• 09:00
  • Tuesday ,11 February 2014
العربية

Schizophrenia

By-MARWA SAKER-Cairopost

Opinion

00:02

Tuesday ,11 February 2014

Schizophrenia

I see bitterness and agony. I can see it in people’s eyes during my walks in the streets of Cairo. I can smell the blood everywhere. Every day there is a dead person and they are all young people.

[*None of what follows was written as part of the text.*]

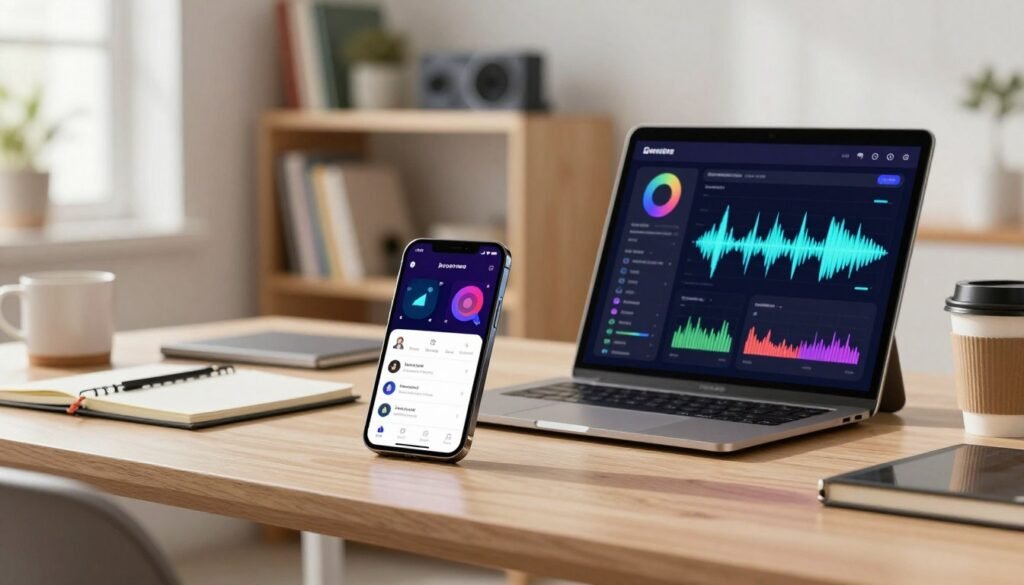 A modern workspace showcasing mobile applications for iOS and Android focused on speech speed control using AI technology. In the foreground, a sleek smartphone and a tablet display various application interfaces with colorful graphs and speech waveforms reflecting speed control features. The middle ground features a stylish desk accompanied by a laptop, a notepad, and a coffee cup, creating a professional and inviting atmosphere. In the background, soft-focus shelves with books and tech gadgets enhance the high-tech ambiance. The lighting is bright and natural, streaming through a nearby window, illuminating the scene with a warm and productive feel. The overall mood conveys innovation and practicality in technology.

I can see Egypt as an old woman and every single day she becomes a hundred years older than the day before. Even her citizens are losing their sense of humor.
 
We read to learn and to grow, to laugh, to be motivated, and to understand things we’ve never been exposed to. We also write for strength to help us when we feel broken, discouraged or afraid.
 
We write to find hope. We write because we’re not just made up of skin and bones, and a deep need for chocolate, but we’re also made up of words, words which describe our thoughts and what’s hidden in our souls.
 
What inspired me to write this article is a series of events that occurred consecutively. The last one was on Saturday Jan. 25, 2014 as Egyptian TV broadcast Egyptians who were celebrating the anniversary of the revolution, while on the other hand the reality was completely different. They turned the real picture upside down.
 
With the arrival of the revolution’s 3rd anniversary, police forces arrested a number of peaceful protesters in different regions in the Egyptian capital, as well as in other governorates.
 
The lists of those arrested that was documented by the Front to Defend Egypt’s Protesters, and included journalists who went to cover marches that had been called for by different forces, and lawyers who went to the places of detention of those arrested to
 
provide them with legal support. They were physically attacked and beaten by police personnel, leading to the murder and injury of some protesters with bird pellets and live ammunition that the police forces had fired at some marches.
 
Egyptian TV announced at the next day that some terrorists, all from Muslim Brotherhood, where dead.
 
Someone may criticize me and say that your description is more emotional than logical. My answer will be yes, but I am not a political animal, I am just a human being and a humanitarian one.
 
Who can turn a deaf ear and act a fool by saying “well done” to the ruling government, while I can see humiliation and youth being killed?
 
In my opinion they treat their pets even more humanely than human beings. Yes, I live in a country where people’s souls are the cheapest thing in it; worth less than the cheapest paper.
 
What do you expect from people who have no rights at all in their homeland? Do you expect them to be happy and talk about a shining future? Of course not, and if they did definitely it would be schizophrenia.